Sowohl in Deutschland als auch in Österreich wurde bereits Mitte der
20er Jahre die Zentralisierung der polizeilichen
"Zigeunerbekämpfung" eingeleitet. Die Medien unterstützten
dieses Vorhaben, indem sie in immer reißerischer werdenden Artikeln eine
regelrechte "Zigeunerplage" heraufbeschworen.
Zunächst ging es darum, Roma und Sinti im Sinne der
"präventiven Verbrechensbekämpfung" zu erfassen,
identifizieren und registrieren (z.B. "Zigeunerkartothek-Burgenland").
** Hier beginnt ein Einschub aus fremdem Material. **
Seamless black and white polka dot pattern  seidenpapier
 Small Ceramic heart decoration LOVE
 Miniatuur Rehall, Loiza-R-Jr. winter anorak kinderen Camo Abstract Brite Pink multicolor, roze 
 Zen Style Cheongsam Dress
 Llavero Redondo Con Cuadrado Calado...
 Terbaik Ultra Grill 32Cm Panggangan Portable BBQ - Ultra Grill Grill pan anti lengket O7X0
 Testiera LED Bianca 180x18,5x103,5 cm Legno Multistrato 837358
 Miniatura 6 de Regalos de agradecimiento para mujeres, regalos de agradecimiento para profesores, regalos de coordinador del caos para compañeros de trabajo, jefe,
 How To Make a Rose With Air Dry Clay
Diese polizeilichen Erfassungen gaben die (Daten-)Basis für die spätere systematische NS-Verfolgung ab.
1936 wurde in Wien die
Zentralstelle zur Bekämpfung des
Zigeunerunwesens errichtet. In Deutschland schuf die Ernennung des
"Reichsführers SS" – Heinrich Himmler – zum
Chef der deutschen Polizei im Reichsministerium
des Inneren die institutionellen Voraussetzungen für ein
reichseinheitliches Vorgehen.
Roma und Sinti wurden also zunächst als polizei- und
ordnungspolitisches "Problem" betrachtet. Durch den immer
größer werdenden Einfluss der Wissenschaft gewann jedoch die rassistische
Komponente in der ideologischen Beurteilung der Roma und Sinti zunehmend an
Bedeutung. Die
"Nürnberger Rassengesetze" von 1935 gaben die
diesbezügliche Linie vor, indem sie Roma und Sinti als
"rassisch minderwertig" einstuften und ihnen die
Staatsbürgerschaft und damit die Staatsbürgerrechte entzogen. Die Aufgabe der
Wissenschaften bestand nun darin, nachträglich den Beweis für die Richtigkeit
dieses Dogmas zu erbringen und somit das NS-Regime pseudowissenschaftlich zu
legitimieren.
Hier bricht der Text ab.